Il est clair qu’au cas où des réformes financières et monétaires seraient énactées, le vote par le Parlement d’un contrôle des capitaux deviendra une mesure superflue.

Sur le terrain, un contrôle des mouvements de fonds est appliqué de facto, d’une manière sélective, depuis le 17 octobre 2019. L’officialisation de ce contrôle ne changera, à présent, en rien la donne. Bien au contraire, elle contribuerait à exacerber la tension d’autant que la dernière mouture du projet en question a donné des prérogatives extensives à une commission ad hoc – formée du Premier ministre, des ministres des Finances et de l’Économie et du gouverneur de la Banque centrale – qui lui permettent d’accepter ou de refuser l’ouverture d’un nouveau compte bancaire, d’une lettre de crédit, le dépôt d’un chèque, le transfert d’argent, que ce transfert soit en faveur d’un commerçant ou d’un individu.

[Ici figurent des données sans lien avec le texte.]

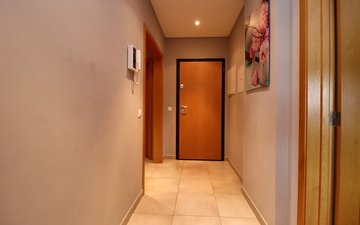 Property slide 25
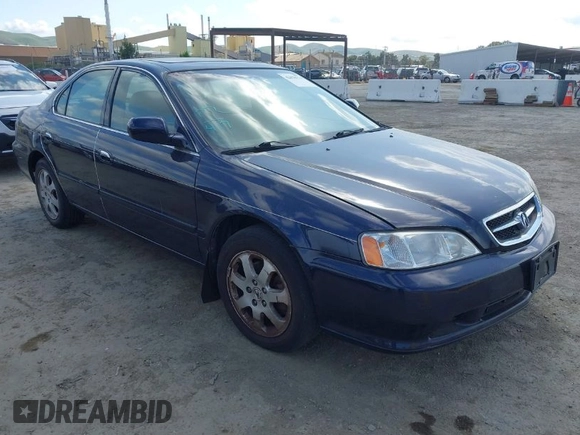 2000 Acura TL with VIN 19UUA5673YA043335, listed as a IAAI auction lot 42078273 with 104,354 mi miles. Bid and sale history available at carsss.com. Image 1.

C’est spécifiquement cette clause du projet de loi sur le contrôle des capitaux qui a été au centre des discussions de la réunion conjointe de la commission parlementaire des Finances et du budget et de celle de l’Administration et de la Justice qui a eu lieu mardi dans la matinée.

Une source parlementaire a indiqué que les contours juridiques de l’action de la commission ad hoc ont été reformulés ainsi que son mode de composition de manière à apaiser les craintes des citoyens quant à d’éventuels abus de pouvoir. Ses travaux et décisions seront promulgués par décret pris par le Conseil des ministres. Des limites ont été définies à son champ d’action.

Interrogée par Ici Beyrouth, une source proche du Premier ministre a souligné qu’une lecture minutieuse des lois permet de voir que dans sa mouture initiale cette commission avait beaucoup moins de prérogatives que le Conseil central de la Banque du Liban réuni.

Une loi différente 

En effet, le gouvernement, qui a présenté un texte revu du projet de contrôle des capitaux, n’a fait que battre et rebattre les cartes, ne touchant pas à l’esprit et aux idées directives du texte initial. Les Libanais ont besoin aujourd’hui d’une loi de contrôle des capitaux dont l’objectif est différent de la loi qui aurait dû être votée en 2019. "Les forces vives du marché réclament une réorganisation des relations entre le banquier et son client, qu’il soit débiteur ou déposant", souligne Mohamad Fheili, expert en gestion des risques, qui ajoute que "toute orientation du pouvoir législatif ou exécutif vers la création de pressions supplémentaires sur les liquidités en circulation sur le marché auront pour effet de créer non seulement des pressions inflationnistes accrues mais conduiront à resserrer l’étau autour du consommateur, voire à l’étouffer littéralement."

Même son de cloche du côté d’un autre expert économique Jassem Ajjaka qui met l’accent sur la nécessité de trouver une solution aux problèmes des chèques et aux limitations de retrait des fonds. "Une solution pour redynamiser les rouages de l’économie est pressante", souligne-t-il, ajoutant "qu’un contrôle des capitaux d’une longue durée sera le coup de grâce à une économie agonisante". Le Liban a besoin de liquidités pour financer la facture de la consommation et celle de l’investissement.

Il est vrai que le pouvoir, en l’occurrence, le gouvernement, ne peut plus se permettre le luxe de prendre son temps pour juguler une situation financière en chute libre. Toutefois, il ne faut pas confondre vitesse et précipitation. Sinon le pire sera à venir. Représentants du peuple, hâtez-vous lentement dans l’examen du projet de contrôle des capitaux.